- TRY IT:
A word-for-word copy of all entries is required, without images.

Crawled caption data:
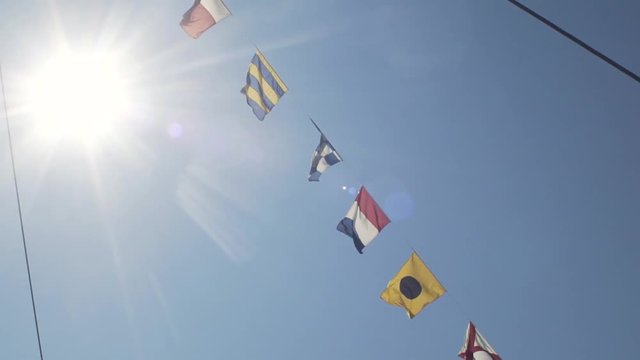 Slow motion shot of the nautical flags fluttering in the wind against blue sky with sun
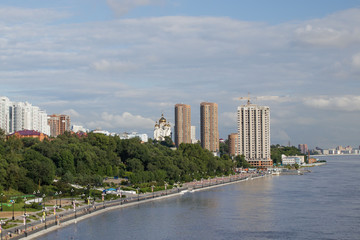 Naklejka premium Amur River embankment of city of Khabarovsk, Russia. On summer day, people walk, play sports, sunbathe in sun.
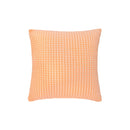 A stylish orange and white checkered pillow, enhancing decor with its rich waffle fabric and soft, durable cotton yarn.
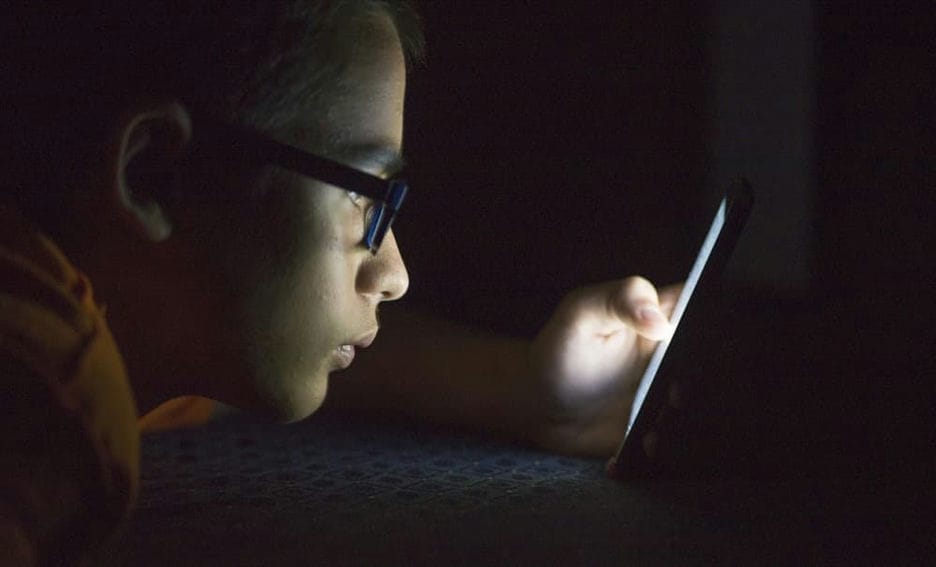 Student on his phone in the dark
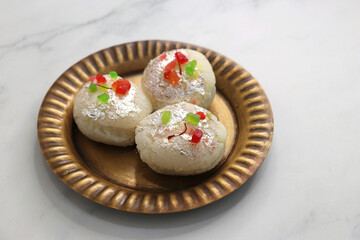 Rasmalai or Malai Sandwich, Roshmolai, Rasamalei is very popular Indian dessert. A sweet malai stuffing inside Rasgulla. It's a sweet delicacy made with Indian cottage cheese or chenna. Copy space.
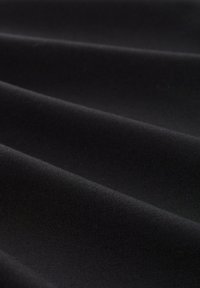 Schwarzer Stoff mit einer glatten, matten Textur, der sanfte Falten und einen leichten Glanz zeigt und das flexible, leichte Material betont.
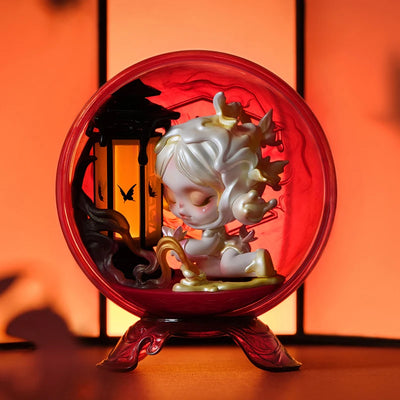 Decorative figurine inside a red glass sphere with an orange background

- RESULT OF THIS EXERCISE:
 Slow motion shot of the nautical flags fluttering in the wind against blue sky with sun
 Naklejka premium Amur River embankment of city of Khabarovsk, Russia. On summer day, people walk, play sports, sunbathe in sun.
 A stylish orange and white checkered pillow, enhancing decor with its rich waffle fabric and soft, durable cotton yarn.
 Student on his phone in the dark
 Rasmalai or Malai Sandwich, Roshmolai, Rasamalei is very popular Indian dessert. A sweet malai stuffing inside Rasgulla. It's a sweet delicacy made with Indian cottage cheese or chenna. Copy space.
 Schwarzer Stoff mit einer glatten, matten Textur, der sanfte Falten und einen leichten Glanz zeigt und das flexible, leichte Material betont.
 Decorative figurine inside a red glass sphere with an orange background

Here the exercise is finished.